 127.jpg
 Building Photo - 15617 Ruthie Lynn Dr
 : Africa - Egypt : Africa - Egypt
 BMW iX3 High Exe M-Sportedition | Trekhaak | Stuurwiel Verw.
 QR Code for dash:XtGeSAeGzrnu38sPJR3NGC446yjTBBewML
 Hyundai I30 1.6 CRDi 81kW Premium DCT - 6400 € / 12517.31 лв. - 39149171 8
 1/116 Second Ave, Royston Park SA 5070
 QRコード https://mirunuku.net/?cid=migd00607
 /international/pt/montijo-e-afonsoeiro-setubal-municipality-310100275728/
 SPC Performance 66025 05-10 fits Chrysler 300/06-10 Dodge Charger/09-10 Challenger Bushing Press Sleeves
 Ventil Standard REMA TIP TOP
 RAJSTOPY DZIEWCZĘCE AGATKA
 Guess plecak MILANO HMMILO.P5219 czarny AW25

━━━━━━━━━━━━━━━━

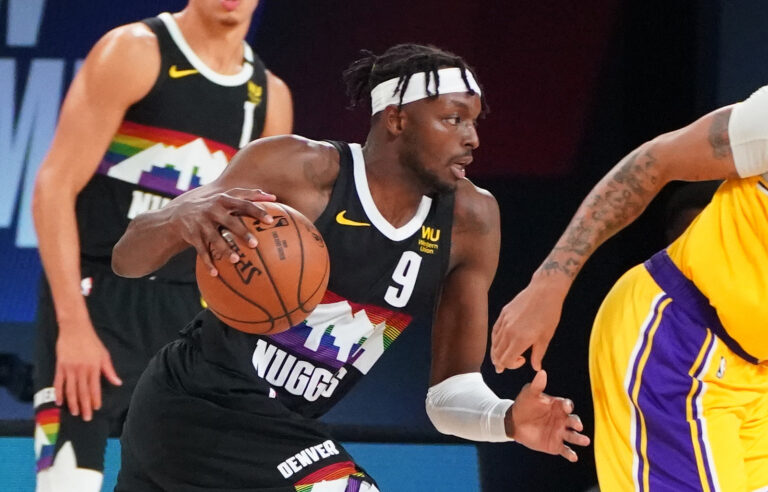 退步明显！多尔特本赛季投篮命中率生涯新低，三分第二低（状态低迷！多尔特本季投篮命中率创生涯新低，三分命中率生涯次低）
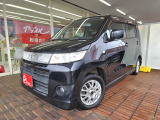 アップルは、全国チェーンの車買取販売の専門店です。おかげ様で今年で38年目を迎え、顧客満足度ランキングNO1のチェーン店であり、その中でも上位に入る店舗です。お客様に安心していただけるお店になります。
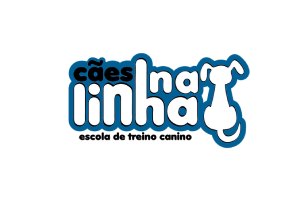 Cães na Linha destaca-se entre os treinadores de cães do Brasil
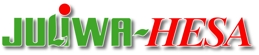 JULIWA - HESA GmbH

━━━━━━━━━━━━━━━━

* YOUR TASK: Going back to the entries above, set down exactly the lines that begin at the one with "Building Photo - 15617 Ruthie Lynn Dr" and end at the one with "Hyundai I30 1.6", both included, and nothing else.

* SOLUTION BELOW:
 Building Photo - 15617 Ruthie Lynn Dr
 : Africa - Egypt : Africa - Egypt
 BMW iX3 High Exe M-Sportedition | Trekhaak | Stuurwiel Verw.
 QR Code for dash:XtGeSAeGzrnu38sPJR3NGC446yjTBBewML
 Hyundai I30 1.6 CRDi 81kW Premium DCT - 6400 € / 12517.31 лв. - 39149171 8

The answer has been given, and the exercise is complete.